Con los ojos pegados, me di cuenta de que el aparato era el mismo y que estaba allí cuando me dormí. Ese no era “el regalo”.
Se trataba de una noticia fuerte, impactante, capaz de sobrepasar mi cumpleaños, el 44º, y el de nuestra hija Irma, que amanecía con 9 flamantes años. Acababan de atacar Londres y se repetía el 11 de setiembre de 2001 en Nueva York y el 11 de marzo de 2004 en Madrid.
No desayuné; atendí varias veces el teléfono e hice llamadas incluso desde el baño. Los 100 metros que tengo que recorrer hasta la cochera donde guardo el auto me parecieron demasiado largos. La ansiedad me estaba ganando la partida.
Pensaba en la edición, en los equipos de trabajo, en la forma de obtener más información… Olvidé mi cumpleaños y el de Irma, pero recordé otras experiencias anteriores, con coberturas especiales.
Era un día de esos, que se repite cada tanto y que, sin embargo, marcan a la sociedad y a los periodistas.

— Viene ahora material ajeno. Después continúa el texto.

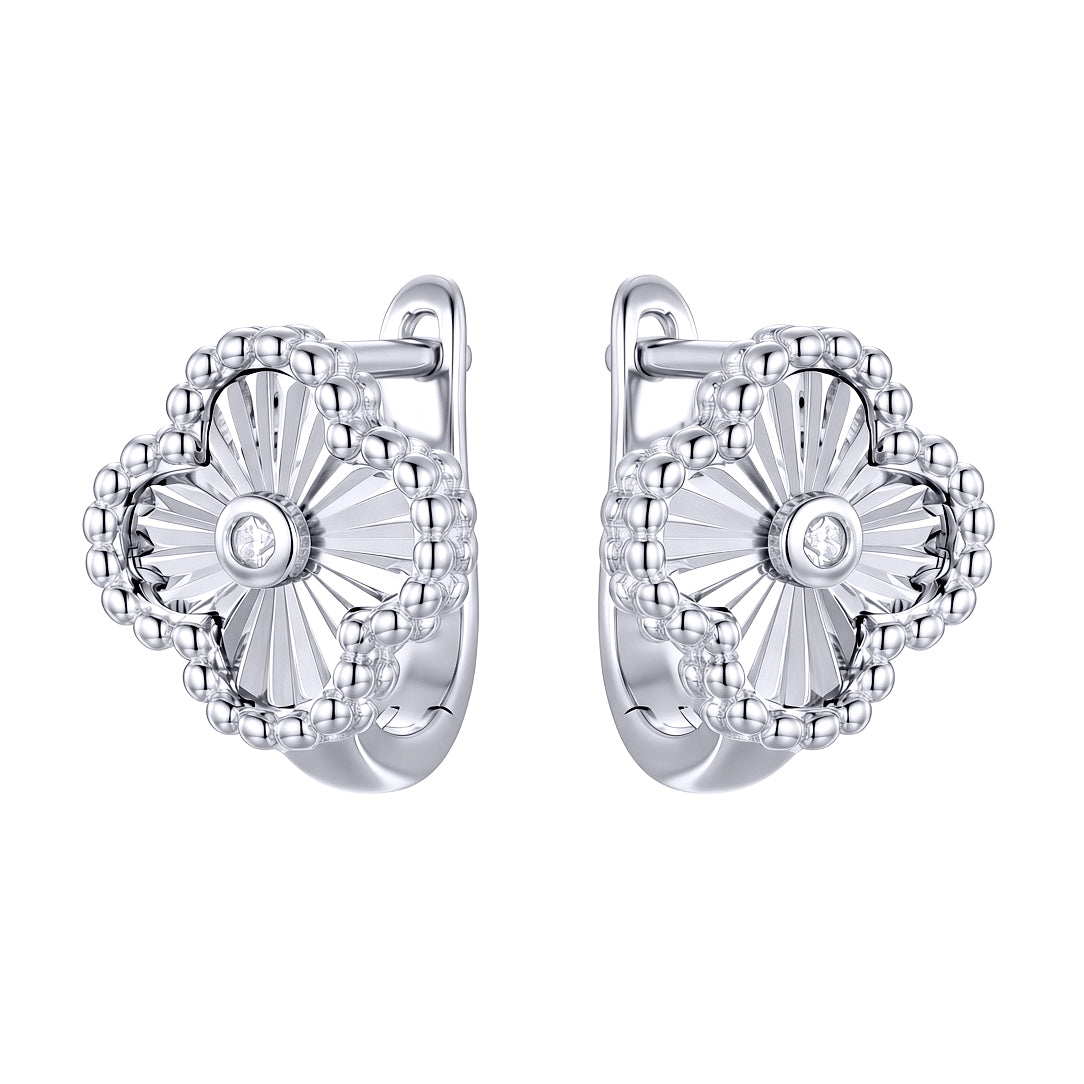 Silver  CZ Lucky Charm Clover Solitaire Drop Earrings - AER188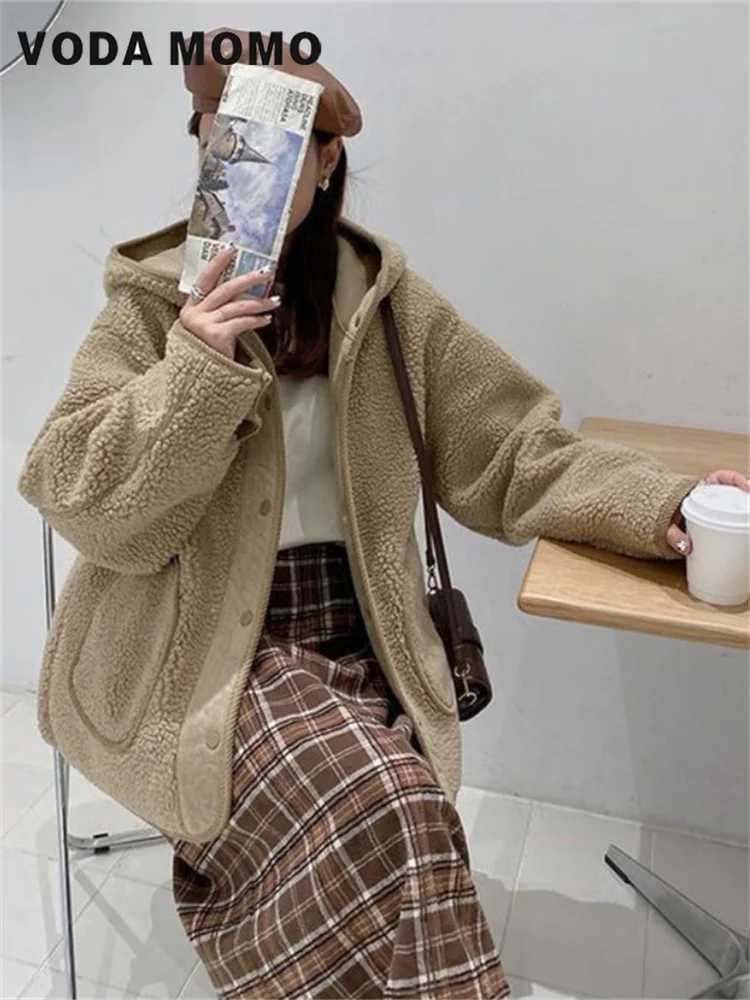 Womens Autumn Winter Loose Warm Lamb Coat Outerwear Female Ladies Cute Fashion Hooded Button Up Jacket Lamb Wool Coat BasicX241018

Este escrito, pensado antes de ese fatídico 7-J como lo pueden corroborar algunos colegas con quienes comenté la intención, es apenas un recuento de todas esas experiencias, compartidas con un grupo magnífico de gente y soportada por mi familia. No tiene más pretensión que la de ser un apunte, susceptible de enorme enriquecimiento, para que la emoción y la angustia que provocan las grandes noticias pueda ser convertida en un producto periodístico que gane el premio más importante: el reconocimiento de los lectores.